Finding the other X value of a quadratic

[spwittbold]

Hello,

I'm looking for some assistance with this problem - I'm not sure quite what to do.

The problem states:the x=-The graph of a parabola of the form y = x^2 + bx + c crosses the y axist at -36 and the x axis at 3. At what other point does the line cross the x axis?

So, couldn't figure out how to solve this.

The work I tried to do was use the points (0, - 36) and ((3, 0) in that equation as follows:

0 = a(3)^2 + b(3) + c
-36 = a(0) + b(0) + c

Therefore C must = -36 because of equation 2.

C = 36

0 = a(3)^2 + b(3) + -36
-36 = a(0) + b(0) + -36

We are left with:
0 = 3a+3b-36

How would you recommend I proceed? How would someone go about solving this problem?

 

[spwittbold]

Mtel #38

The graph of a parabola of the form y = x^2 +bx + c crosses the y axis at -36 and the x axis at 3. At what other point does the graph cross the x-axis?

Not sure what to do here.

Does this suggest A = 1, C = -36 and B = unknown?

This is what I did.

-36 = 0 + 0 + C, so C = -36

0 = 3^2 + b(3) + -36

0 = 9 + 3b + -36

3b = - 27

b = 9

Use original equation with point (3, 0)

0 = 3^2 + 9*3 + - 36

0 = 9 + 27 + - 36

0 = 0 is a true statement, so I've found coefficients of A B and C and A = 1, B = 9 and C = -36. So therefore the equation is y = 1x^2 + 9x -36


....and I solved my own problem because that factors to (x-3)(x+12) and x = 3 and x = -12. B ALSDH

 

[Ishuda]

Hello,

I'm looking for some assistance with this problem - I'm not sure quite what to do.

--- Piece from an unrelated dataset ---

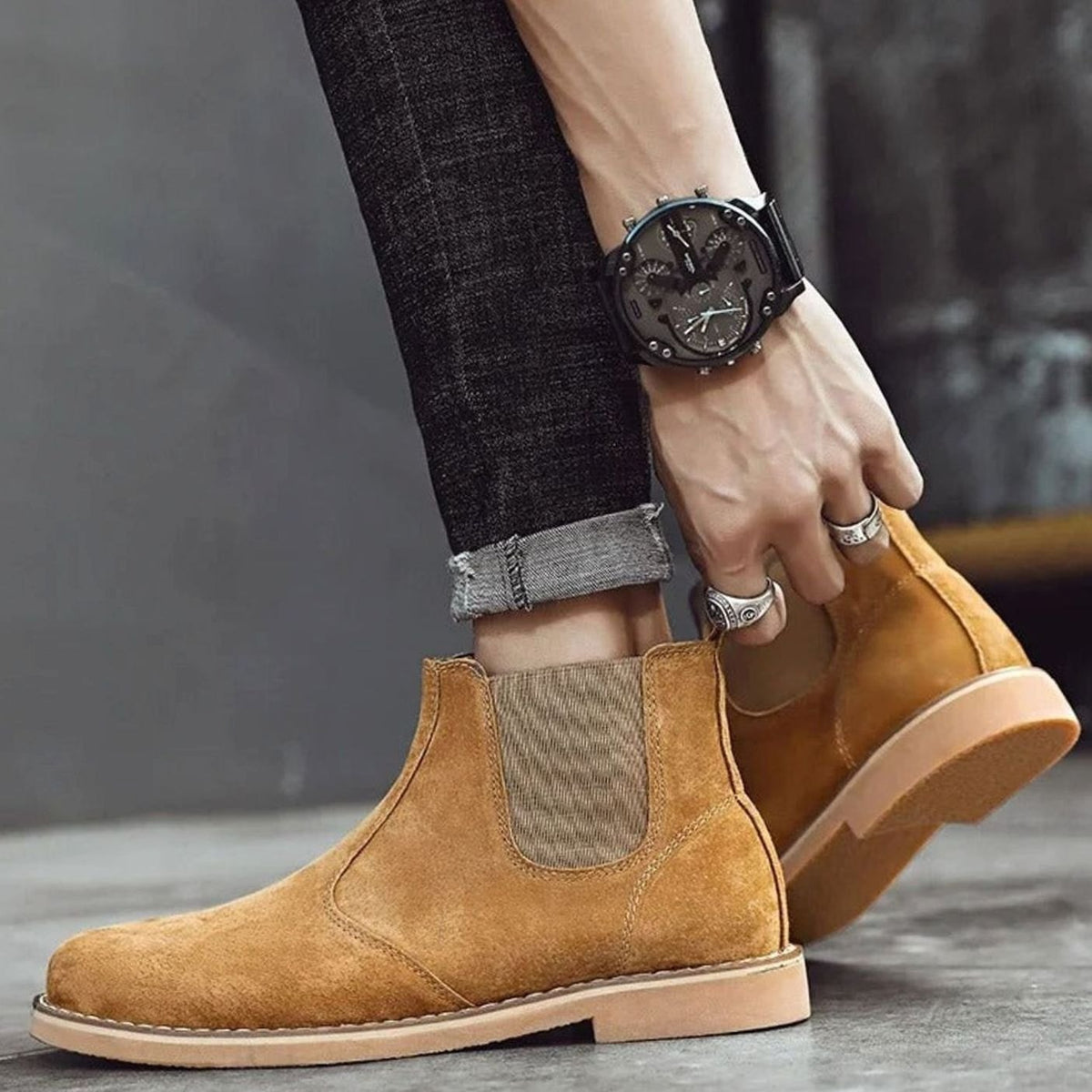 Men's Slip-On Leather Chelsea Boots Rubber Sole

The problem states:the x=-The graph of a parabola of the form y = x^2 + bx + c crosses the y axist at -36 and the x axis at 3. At what other point does the line cross the x axis?

So, couldn't figure out how to solve this.

The work I tried to do was use the points (0, - 36) and ((3, 0) in that equation as follows:

0 = a(3)^2 + b(3) + c
-36 = a(0) + b(0) + c

Therefore C must = -36 because of equation 2.

C = 36

0 = a(3)^2 + b(3) + -36
-36 = a(0) + b(0) + -36

We are left with:
0 = 3a+3b-36

How would you recommend I proceed? How would someone go about solving this problem?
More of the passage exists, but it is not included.